### BRIEF
Exact reproduction of the listing is required. Pictures are not reproduced.

### EXERCISE DATA
Start of Block
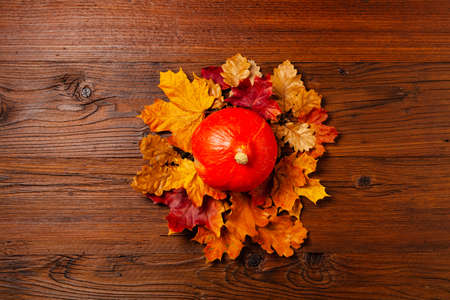 Wooden background. Arranged autumn leaves and pumpkins. Top view.の写真素材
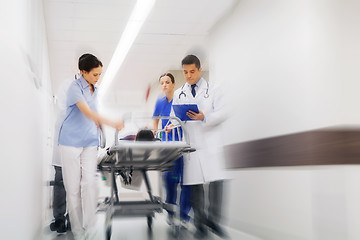 Image showing medics and patient on hospital gurney at emergency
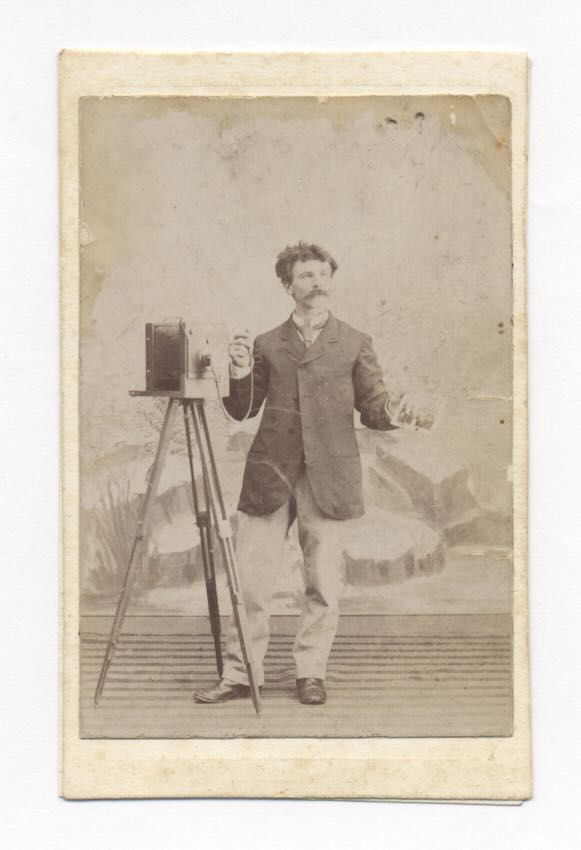 1860&rsquo;s CDV: PHOTOGRAPHER STANDS BY STUDIO CAMERA AS HE HOLDS A PHOTO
End of Block
### RESULT
 Wooden background. Arranged autumn leaves and pumpkins. Top view.の写真素材
 Image showing medics and patient on hospital gurney at emergency
 1860&rsquo;s CDV: PHOTOGRAPHER STANDS BY STUDIO CAMERA AS HE HOLDS A PHOTO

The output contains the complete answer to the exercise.